In asking “why”, I chose to enter a conscious, personal conversation. 

My question was indeed: “why”, not, “why me”. It had more to do with alignment, than being martyred in any way by the “ailment” our culture calls cancer.
In July of 2010, I was aware of an energetic shift in the tissues on the left of my sternum. I knew the moment it happened on a microscopic level.  One night, just as I was about asleep, I felt a twinge in my cells. I thought to myself, as I rubbed the left side of my sternum into my left breast: 

“I want to check out what that point is on an acupuncture chart, there is something going on there.”
In five months time, it grew to the point I could feel something the size of a dried up pea. My two sisters that are home health nurses, referred to their training and asked me: “Is it tender?” and informed me that cancer isn’t tender to the touch. 

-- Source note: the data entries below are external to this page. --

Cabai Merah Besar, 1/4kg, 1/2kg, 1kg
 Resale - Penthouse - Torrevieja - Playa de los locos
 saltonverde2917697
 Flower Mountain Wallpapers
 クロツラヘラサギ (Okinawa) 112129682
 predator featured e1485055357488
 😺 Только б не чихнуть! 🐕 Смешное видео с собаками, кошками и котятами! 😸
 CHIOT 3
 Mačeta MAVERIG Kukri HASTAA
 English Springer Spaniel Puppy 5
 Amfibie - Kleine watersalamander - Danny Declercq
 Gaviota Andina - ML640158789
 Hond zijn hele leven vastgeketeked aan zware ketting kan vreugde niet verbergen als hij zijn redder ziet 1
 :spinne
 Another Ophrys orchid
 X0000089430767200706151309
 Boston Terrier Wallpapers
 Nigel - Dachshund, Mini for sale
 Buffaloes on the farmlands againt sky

To my relief at the time, this little bump was tender; and I had no family history of breast cancer to think of, I ate fairly healthy (occasional dalliances with pastries notwithstanding), no smoking or drinking, wasn’t overweight and didn’t seem to fit the profile.
As I sat in meditation at Bodhi Yoga, playing the deep tones of my crystal bowl, the tiny, tender bump in my left breast over my heart would almost dissipate completely and be gone for a day or two.
A few more months went by, and I continued my yoga lifestyle, eating well, mothering Tom, teaching certifications, and working through the grieving process of Rex’s passing, on June 27th, 2010.
March rolled around, and the tiny bump was hurting when I laid in a twist over the flat bolster in Yin Yoga, so I soon met with a doctor who preformed an ultrasound and told me: “It’s just a fluid filled cyst...I could drain it, but it’ll just come back...I’d just let it be.” At the time, my body knew this was bad advice, but I let it be.
By June it was bigger and uncomfortable. I could also feel a change in my armpit, which I knew full well to be a danger sign.
Between March and May, I had been distracted with someone who was invasively profiting from my ideas and image. I tried (without real success) to call them to some sense of accountability, and was saddened by the outcome.
I had repeatedly tried to forgive, but realized that my role in the relationship was wasted, without helping this person I care about come to awareness of how they were enriching them-self off of my energy, as well as the integrity of my emotional and intellectual capital.
My hope and intention was that conversation between us would offer them the chance to clear the energy of infringement. The potential for resolution was there, but not fully realized through the outcome; yet I knew I had accomplished my role in our time together and I felt sad that It was at an end.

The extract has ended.